# changing most chall wheels



## shachah7 (Dec 2, 2008)

Hey all. I'm thinking of changing my most challs to fulcrum 3 or 1s or dura ace cl24 carbon laminates. 

Would this make a big difference in races?

Was told by the lbs that challs are similiar to zondas so not sure if i would be getting a big improvement. Any comments and experiences appreciate.

Cheers


----------



## Clevor (Sep 8, 2005)

shachah7 said:


> Hey all. I'm thinking of changing my most challs to fulcrum 3 or 1s or dura ace cl24 carbon laminates.
> 
> Would this make a big difference in races?
> 
> ...


For sure you would notice a diff with the Dura Ace CL24 carbon clinchers. I think they are the best clincher wheelset deal on the market now, particularly if you get them from ChainReactionCycles. They were $700 with free freight to U.S. or Japan, but price went up to around $736. Still, the cheapest you will find them on Ebay is around $1,000.
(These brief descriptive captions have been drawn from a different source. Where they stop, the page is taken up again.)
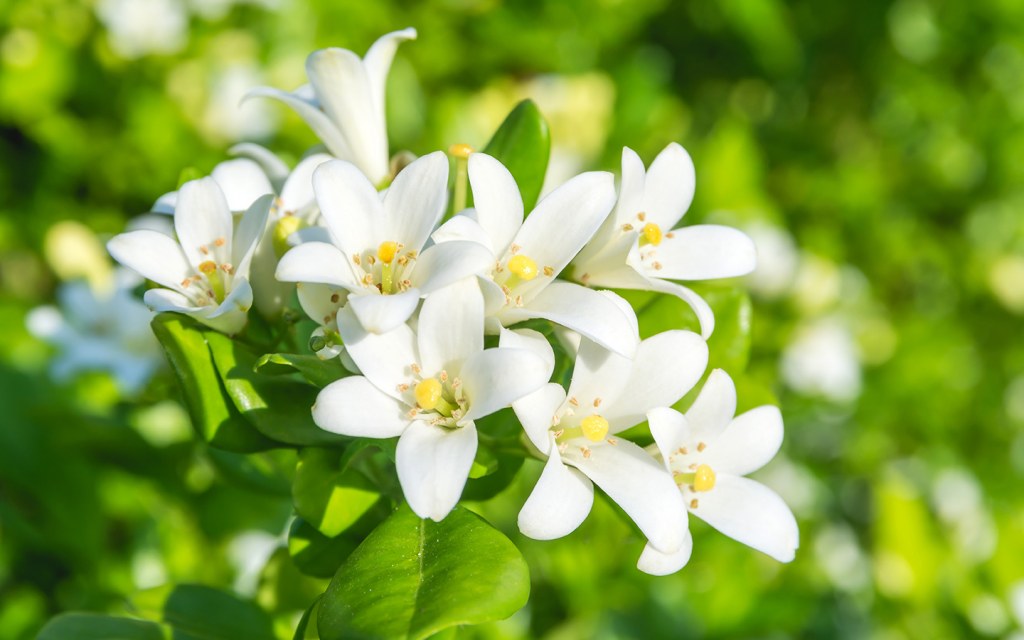 زهرة الياسمين نباتات منزلية عطرية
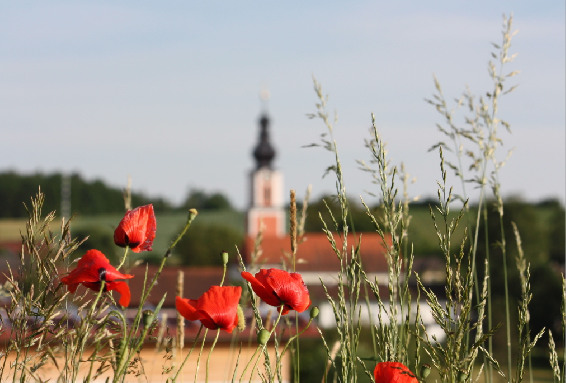 2012 Kirche von Schachtl her Mohn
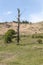 Bare tree standing in the middel of a forest without leaves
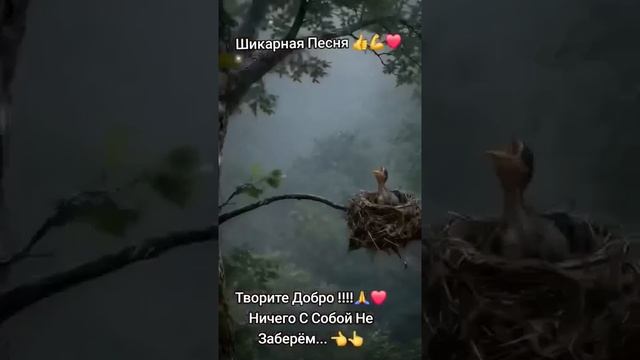 Кто падал тот понял где дно и где край... Автор Л. Макевич #клип #песня #хит #добро #творидобро#жить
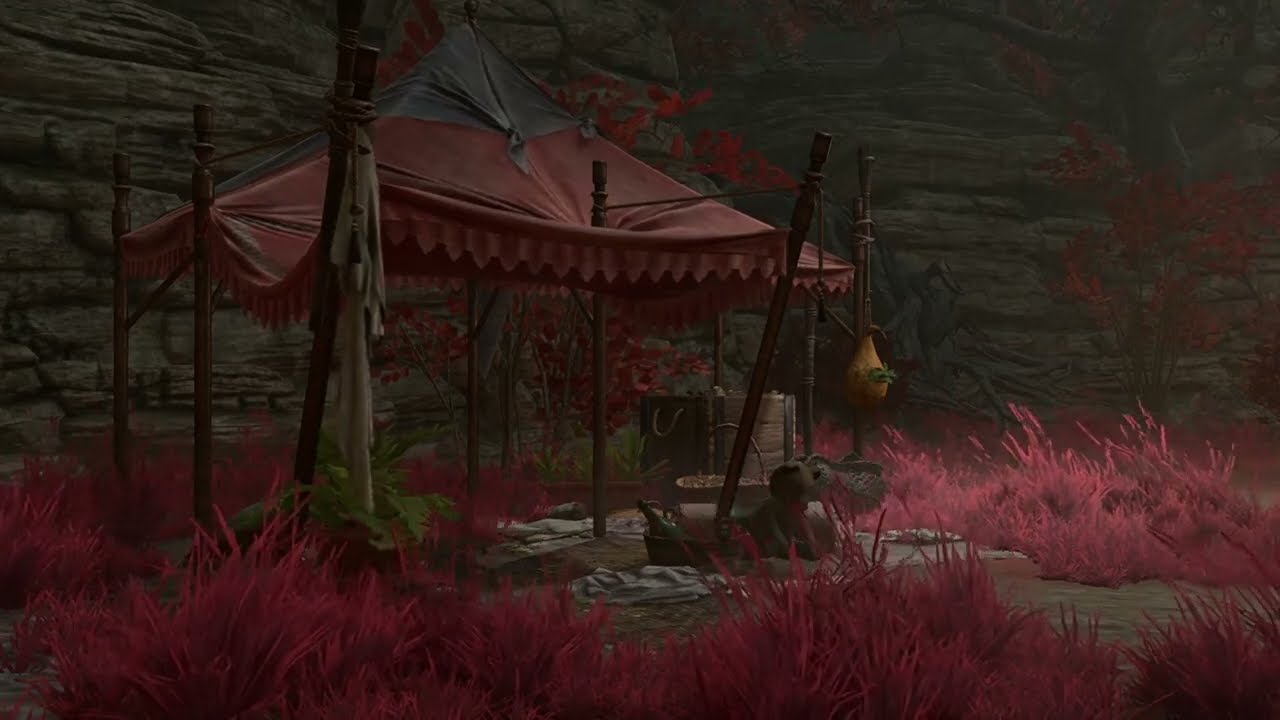 Shadow-Cursed Lands Camp Ambience, Cause Nobody Else Was Fkn Doin It  ||  No Music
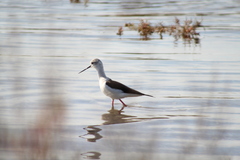 Himantopus himantopus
I never thought I'd see the day I'd buy a clincher wheelset again (I'm inclined towards tubulars), but I needed a wheelset for my training bike, as the cheap, Shimano SH-R560 clinchers I had on it need to go on the bike for my Fortius trainer. Most of the wheelsets I considered were around $500 anyway (Easton Tempest, Orions, Circuits) so for $200 more you get a high-end, high-tech carbon laminate clincher with impeccable hubs. No compromise in braking with the aluminum surface, and it's as light as you will get for that price: around 1400 gms. Not only that, but as with all Dura Ace wheelsets, most of that weight is at the hubs, not the rims, so the wheels spin up quick and hold speed well. Plus the wheelset is a real looker in black carbon, white lettering, and anodized red nipples. Hope you are running Shimano though . . .

If you are racing, the difference from the Challs should be like night and day, particularly during climbing. If they are similar weight to Zondas, the Challs are pigs.


----------



## ghostryder (Dec 28, 2009)

Please let me know if you change the wheels from challs to the fulcrum's. I am having the same dilemma


----------